_Exercise prompt:_ Everything from the line with "แก้วสําหรับงูสวมหมวกยูนิคอร์นสําหรับ Lunar New" to the last line of the listing must be retyped exactly, both ends included, with the pictures dropped.

_Given material:_
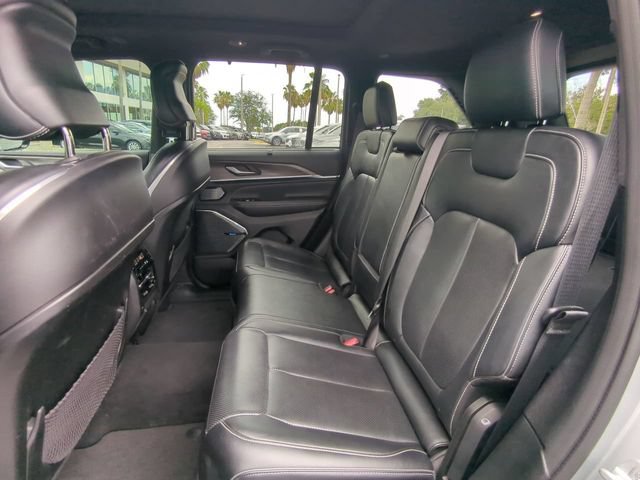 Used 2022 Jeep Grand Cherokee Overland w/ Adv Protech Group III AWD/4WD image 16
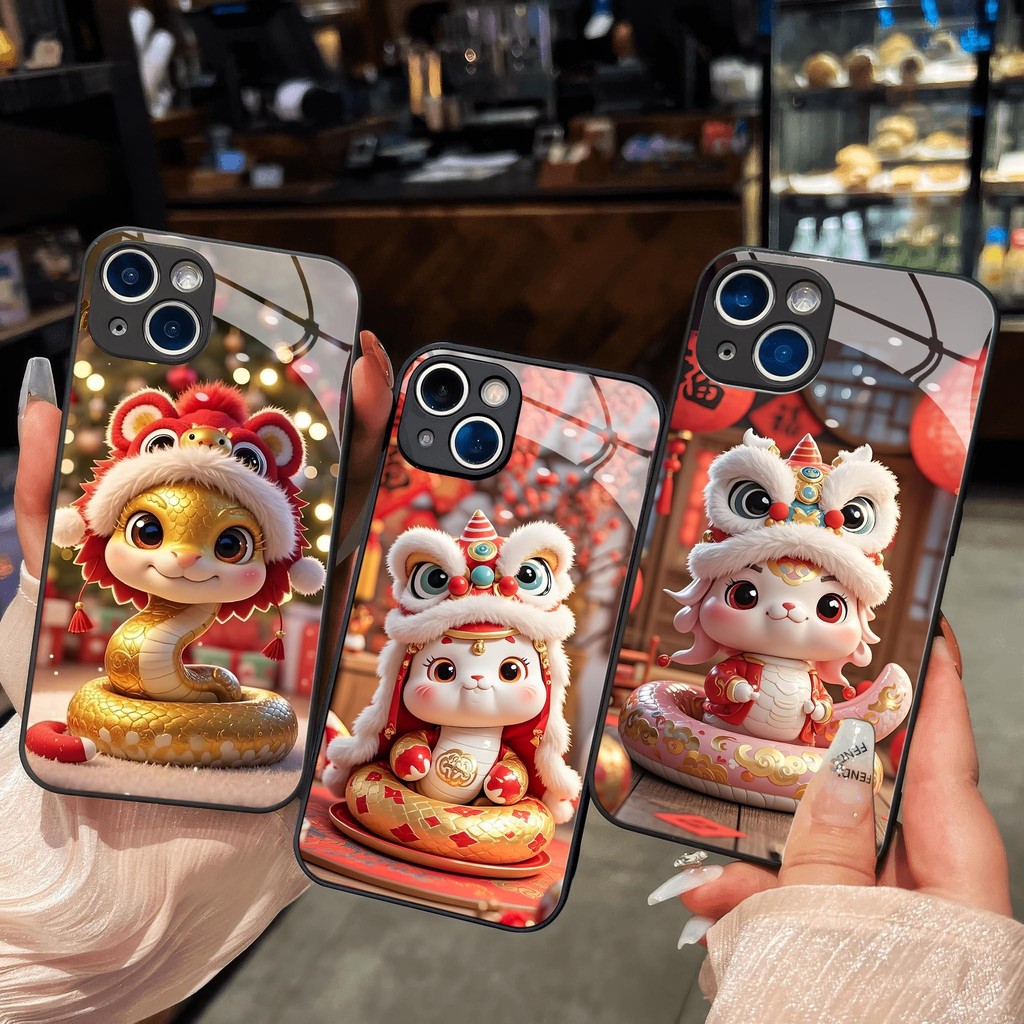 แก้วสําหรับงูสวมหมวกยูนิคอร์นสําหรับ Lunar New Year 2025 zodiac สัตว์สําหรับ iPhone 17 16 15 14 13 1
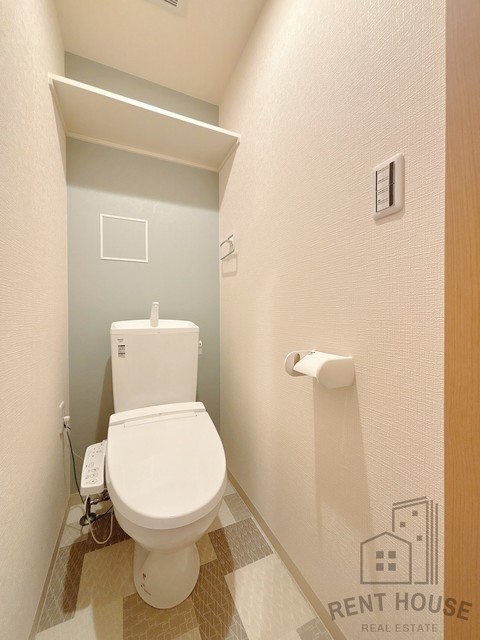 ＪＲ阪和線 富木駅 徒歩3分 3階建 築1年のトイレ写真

_Solved exercise:_
 แก้วสําหรับงูสวมหมวกยูนิคอร์นสําหรับ Lunar New Year 2025 zodiac สัตว์สําหรับ iPhone 17 16 15 14 13 1
 ＪＲ阪和線 富木駅 徒歩3分 3階建 築1年のトイレ写真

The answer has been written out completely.